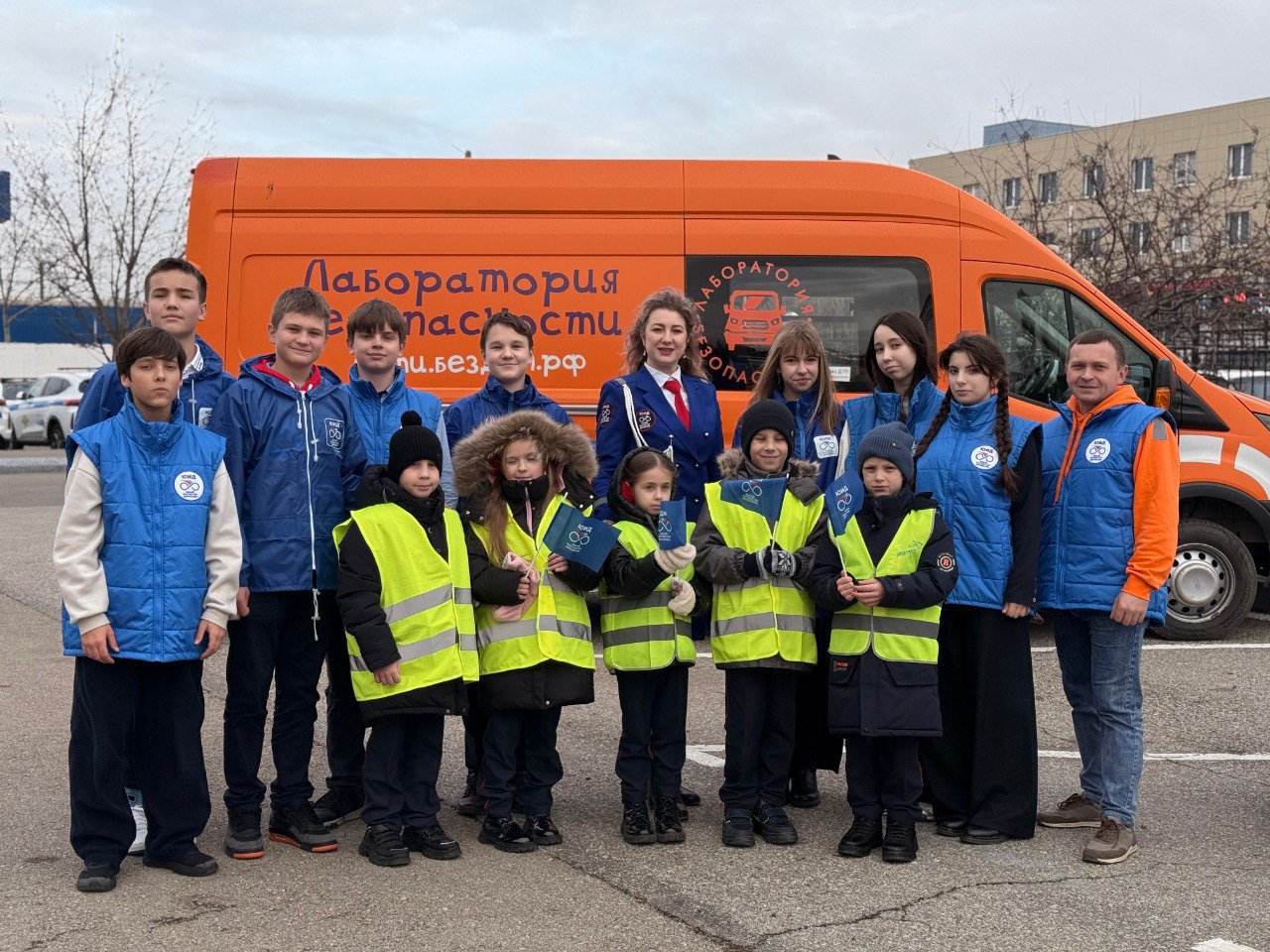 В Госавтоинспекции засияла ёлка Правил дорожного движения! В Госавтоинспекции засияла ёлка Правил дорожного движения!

··········

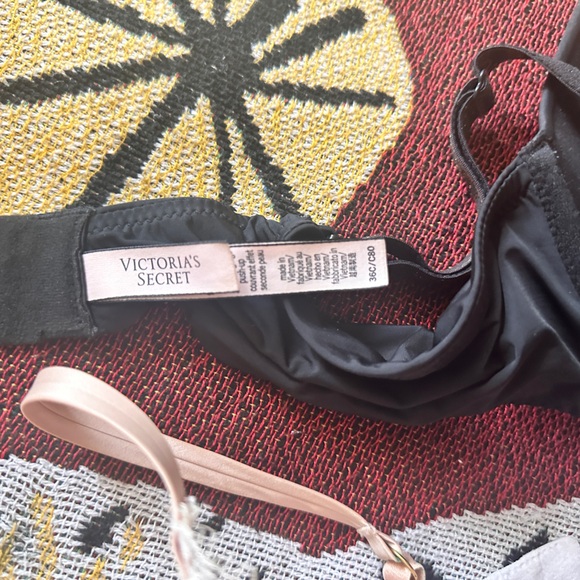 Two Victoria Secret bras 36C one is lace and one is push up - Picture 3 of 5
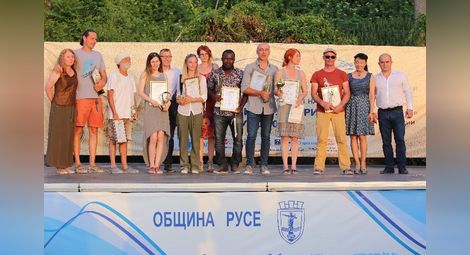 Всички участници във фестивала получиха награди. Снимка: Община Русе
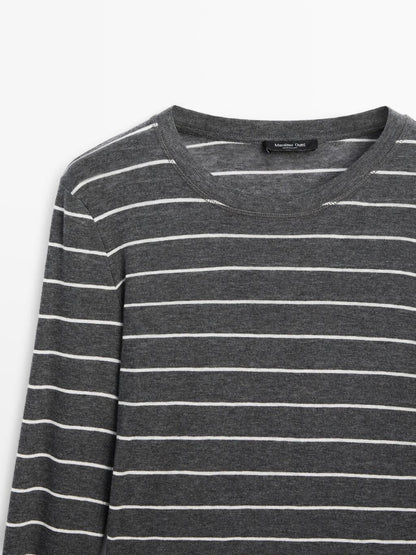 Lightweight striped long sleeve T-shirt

··········

» **TASK ITEM**
Reproduce exactly the lines above that run from the one with "Всички участници във" to the one with "Lightweight striped long sleeve T-shirt", both included, leaving pictures out.

» **RESPONSE TO THE EXERCISE**
 Всички участници във фестивала получиха награди. Снимка: Община Русе
 Lightweight striped long sleeve T-shirt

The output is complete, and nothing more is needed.